Caption-style text data:

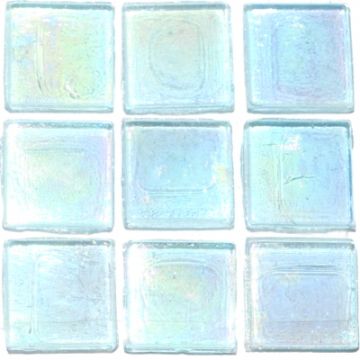 Agave Nectar: 25 tiles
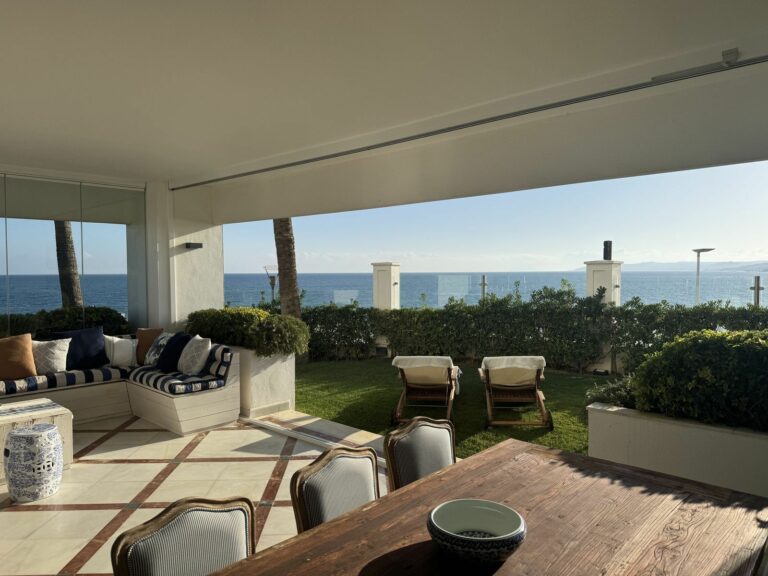 1aa1a622a5f53b98cdfd0aa3aeb3e663 - 13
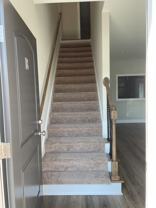 3900 Junipine Ct #B - Photo 1 of 1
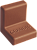 вишня25
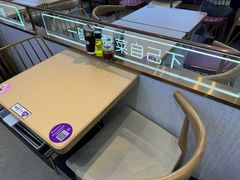 -过桥缘·过桥米线(北京望京万象汇店)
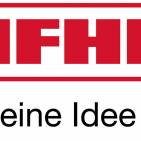 LEIFHEIT Logo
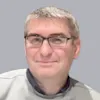 Andrew  Faulkner 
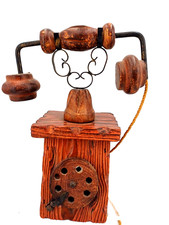 SYMPATHIQUE BOITE KITCH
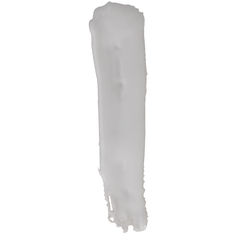 Tammy Taylor Hard Gel French White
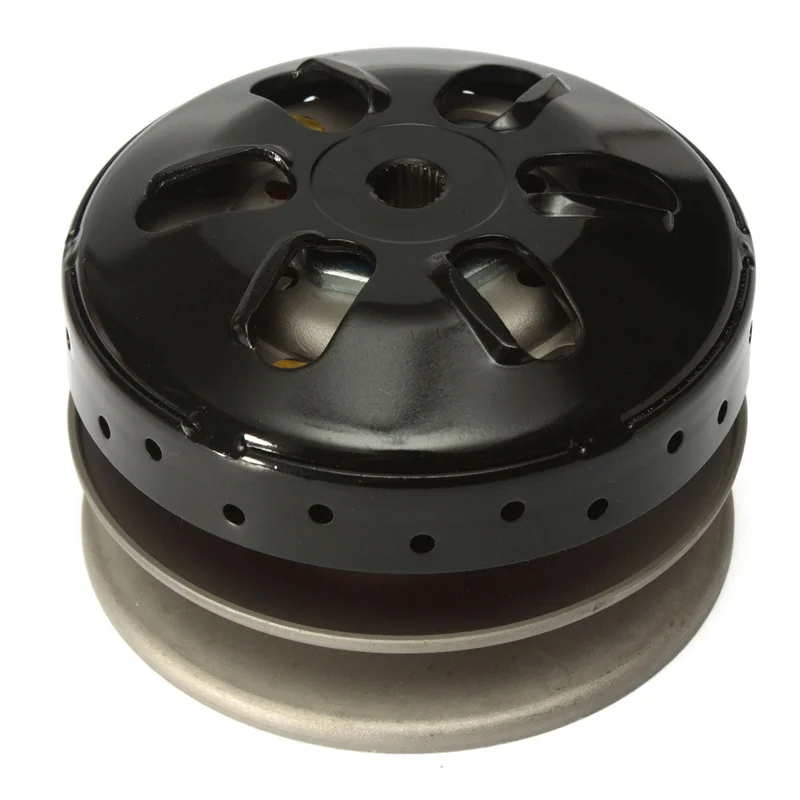 allesxl2504113
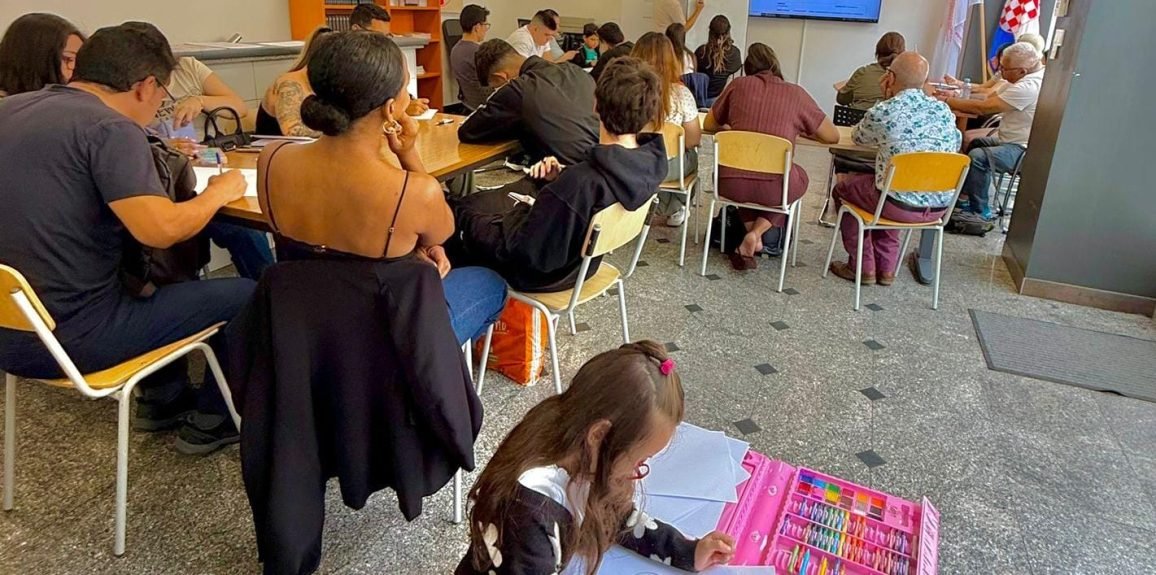 WhatsApp Image 2025-09-10 at 17.34.53 (2)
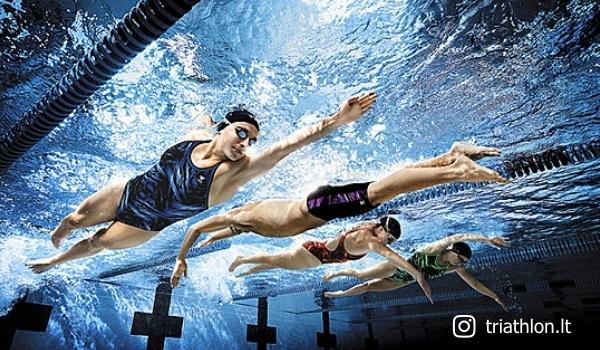  Vilnius Indoor Triathlon 2022, https://swim.by, Vilnius Triathlon 2022, Swim.by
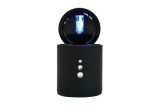 Cumpara ieftin Scrumiera cu Led Premium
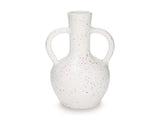 Dallinworth Vase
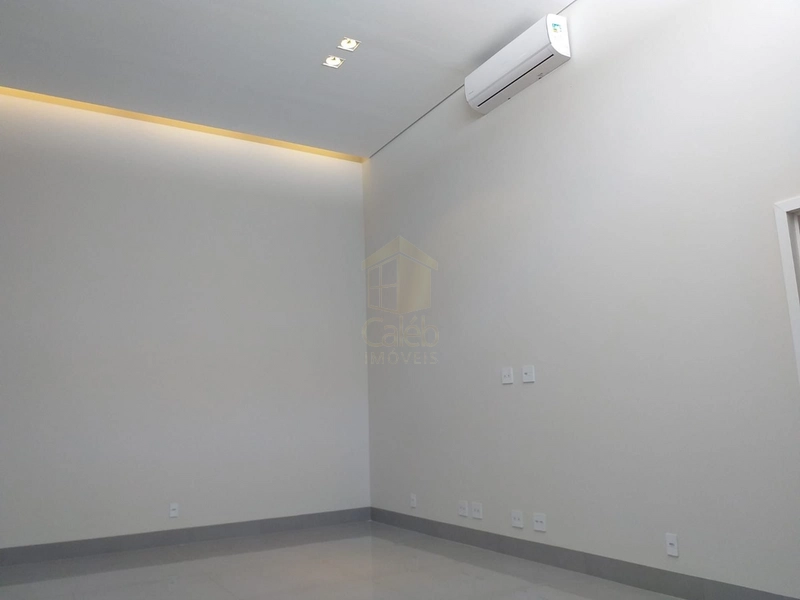 Casa com 3 quartos no Cond. Reserva Esmeralda em Marília-SP.: 2ª foto da galeria de imagens do imóvel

TASK PROMPT - Where the line containing "Cumpara ieftin Scrumiera cu Led Premium" appears in the entries above, start there and set down every line exactly through the last one, inclusive; omit pictures.

WRITTEN SOLUTION -
 Cumpara ieftin Scrumiera cu Led Premium
 Dallinworth Vase
 Casa com 3 quartos no Cond. Reserva Esmeralda em Marília-SP.: 2ª foto da galeria de imagens do imóvel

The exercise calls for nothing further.